Hertha Ernestine Pauli (September 4, 1906 – February 9, 1973) was an Austrian journalist, writer and actress.

Biography

Hertha Ernestine Pauli was born in Vienna, the daughter of feminist Bertha Schütz and chemist Wolfgang Pauli. Her brother was Wolfgang Pauli, who was awarded the Nobel Prize in Physics in 1945.

From 1927-33, she played different small roles at the Max Reinhardt Theatre in Berlin and was allied with Ödön von Horváth. From 1933-38, she lived in Vienna, edited the "Österreichische Korrespondenz" and published biographical novels, for example about the feminist Bertha von Suttner.

After the Anschluss, she immigrated to France. In Paris, she belonged to the circle of Joseph Roth, knew the American journalist Eric Sevareid, and wrote for Resistance.

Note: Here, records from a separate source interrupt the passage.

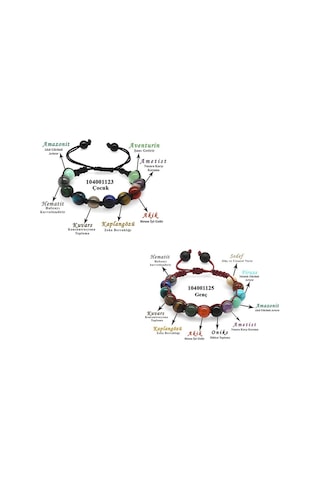 Makrome Örgülü Küre Kesim Multicolor Doğaltaş Kombinli Çocuk-genç Başarı Bilekliği 2li Set Çok Renkli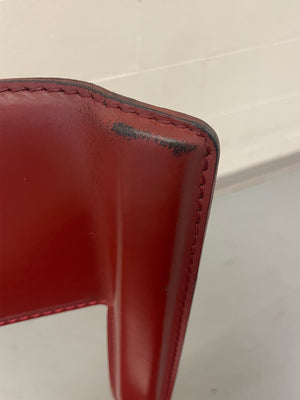Three Italian Bottega Red Leather Stools by Frag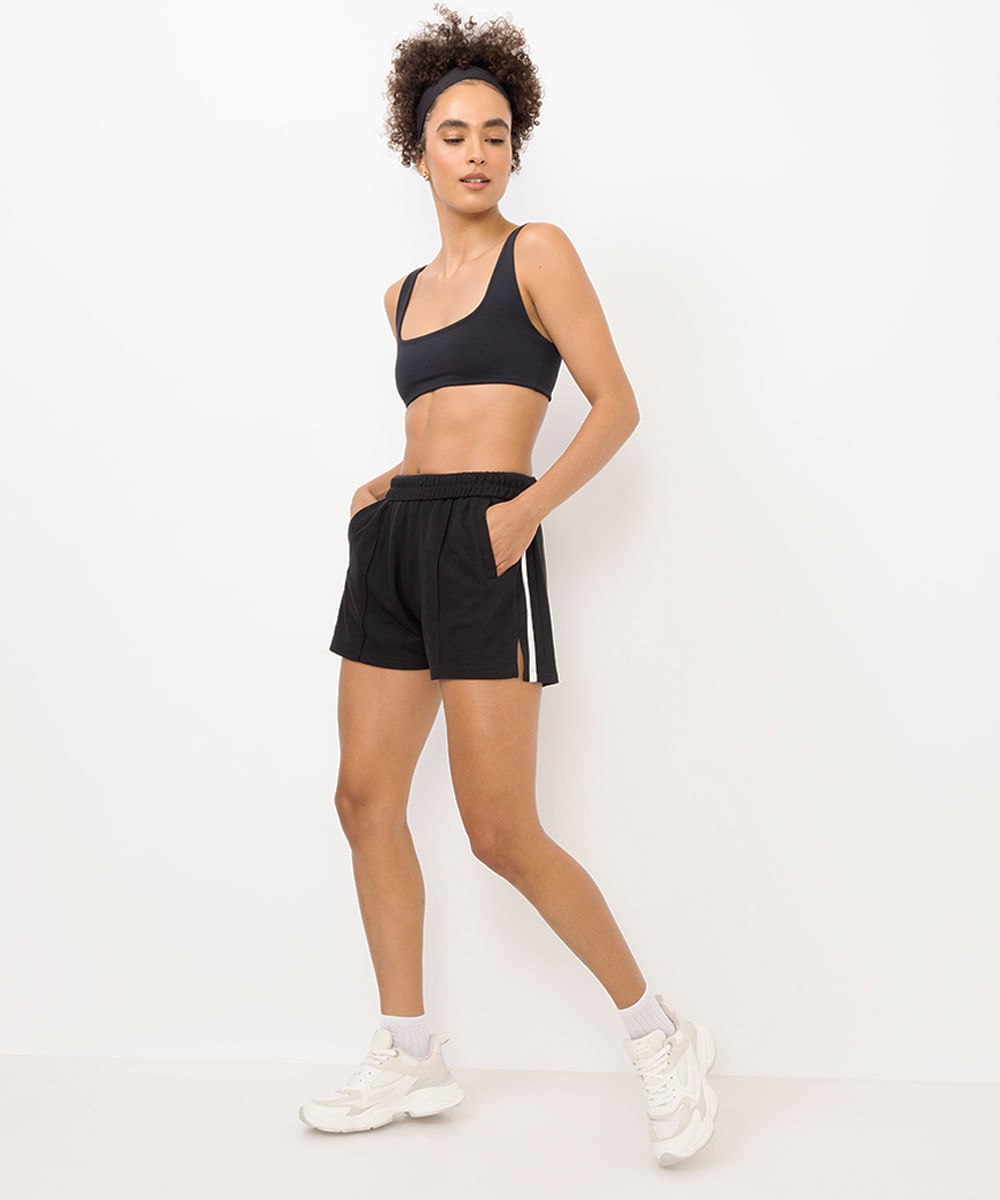 bermuda feminina esportiva bicolor preta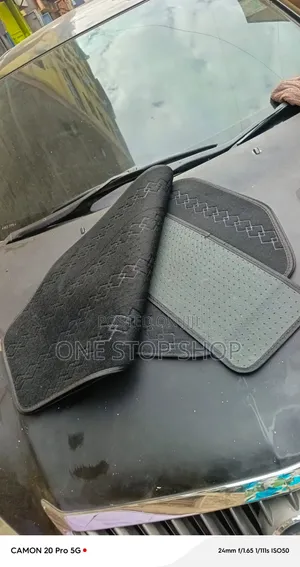 5pc Woolen Geometric Diamond Pattern Floor Mats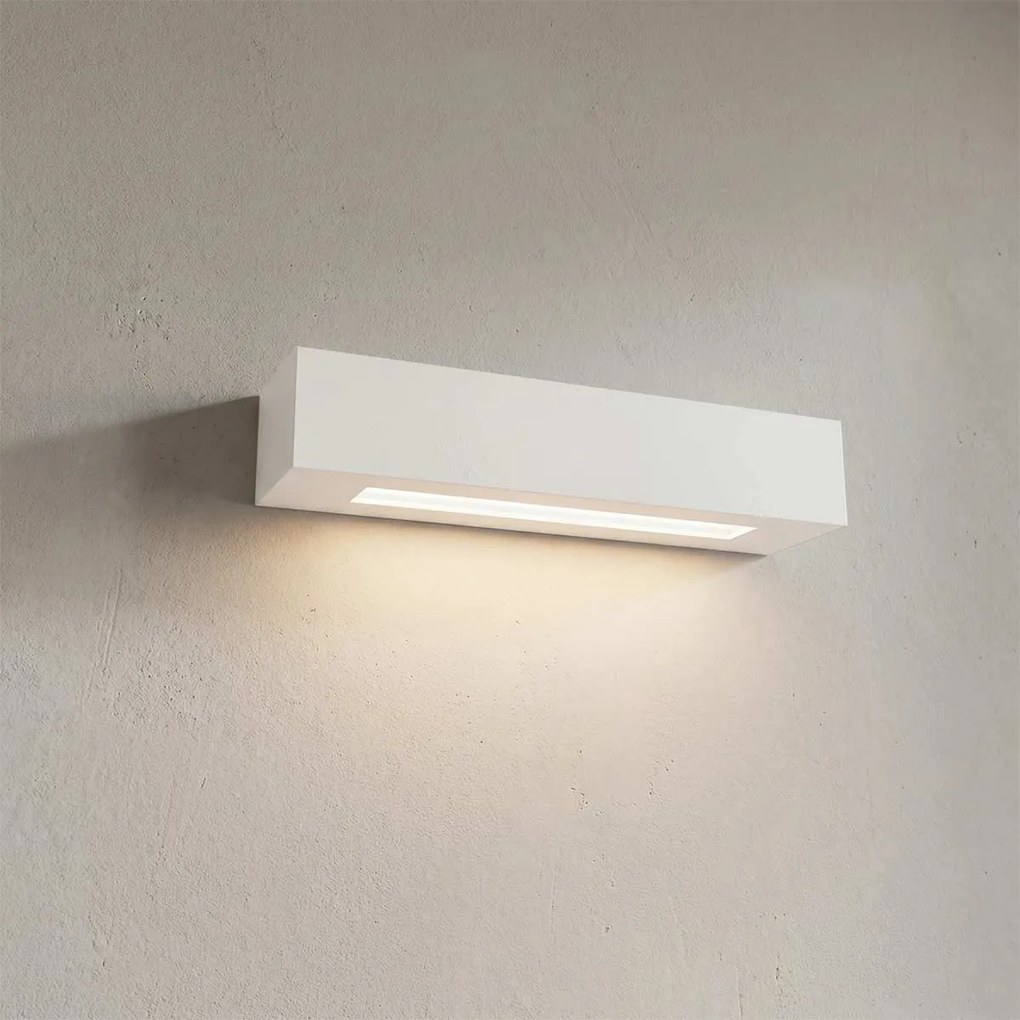 Applique da Parete 2xE14 Rettangolare 36cm in Gesso Pitturabile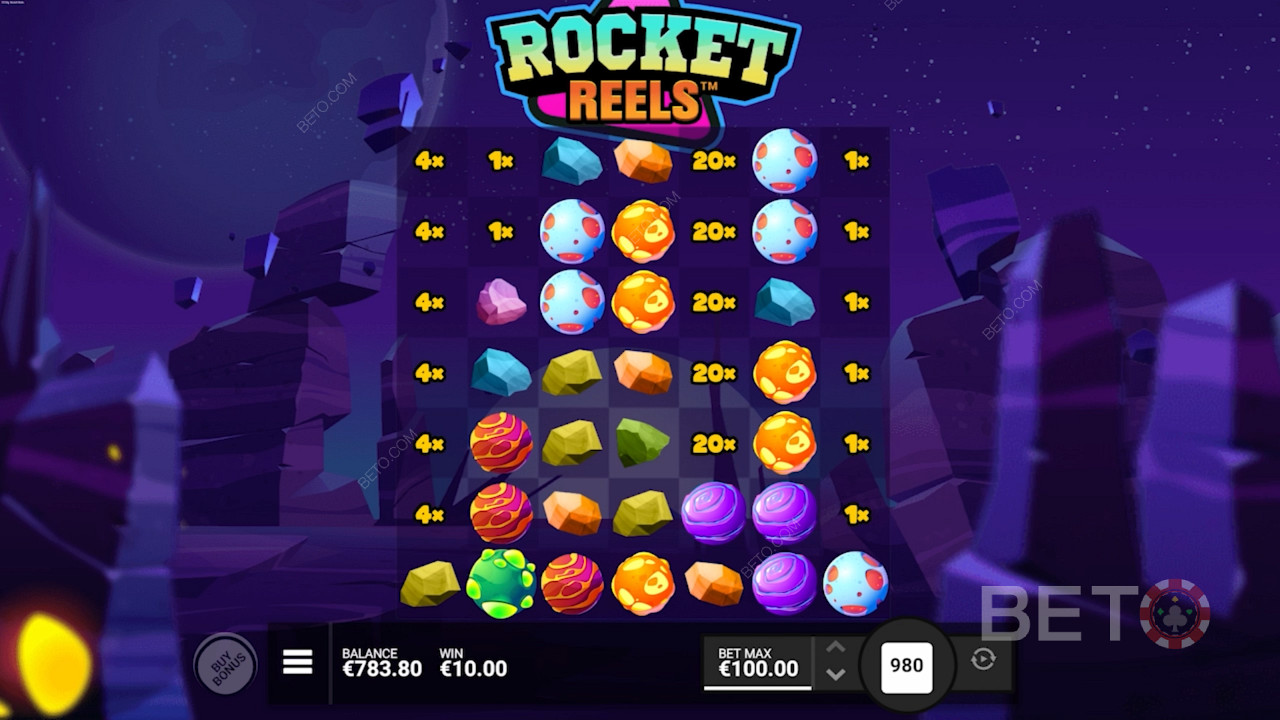 Vind belønninger op til 10.000x værd i Rocket Reels spillemaskinen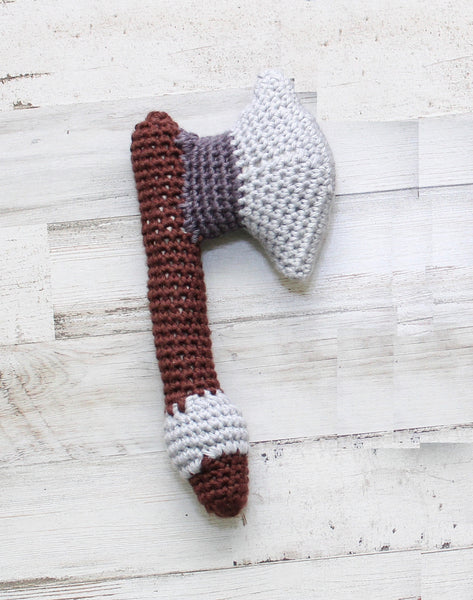 Battle Axe Baby Rattle Crochet Pattern - Single or Double Blade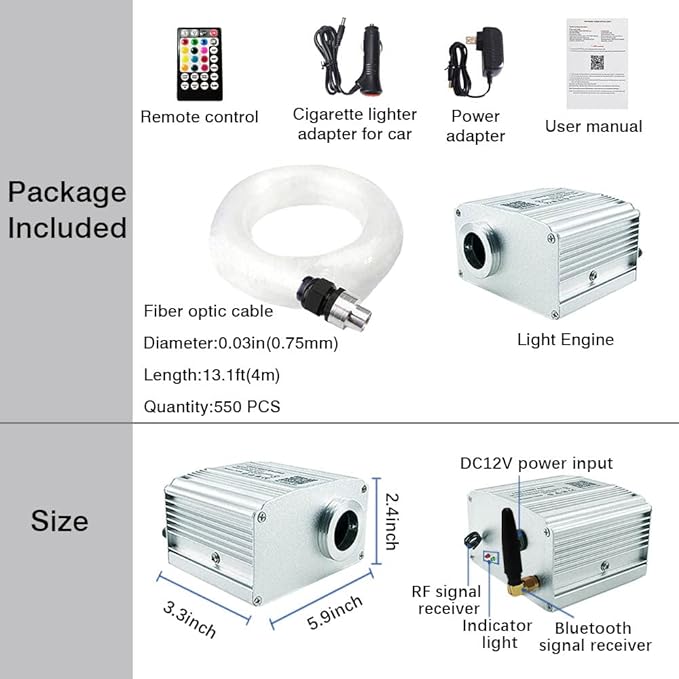 FIREWORK Starlight Headliner Kit, Fiber Optic Lights 10W RGBW Twinkle+Music Sync Effect+APP+Remote, 550pcs 13.1ft/4m 0.03in/0.75mm Fiber Cable for Star Lights for Car/EV & Home Theater Ceiling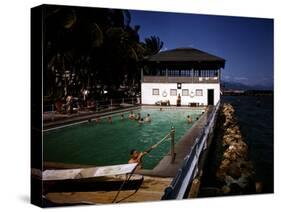 December 1946: Guests Swimming in the Pool at Myrtle Bank Hotel in Kingston, Jamaica-Eliot Elisofon-Stretched Canvas
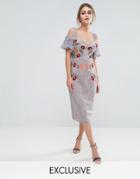 Hope & Ivy Embroidered Lace Midi Dress With Constrast Straps And Tie Cold Shoulder - Blue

In 1940, after the Nazis occupied France, she fled with writer Walter Mehring through Marseilles, the Pyrenees and Lisbon. With the aid of Varian Fry and the Emergency Rescue Committee, she made her way to the United States.

After her arrival in the U.S., she described her flight in the journal Aufbau. 

In the following years she wrote books about Alfred Nobel and the Statue of Liberty. Her books for children, in particular, had some success. These books included Silent Night. The Story of a Song (1943), in which she explained the origin of the carol. 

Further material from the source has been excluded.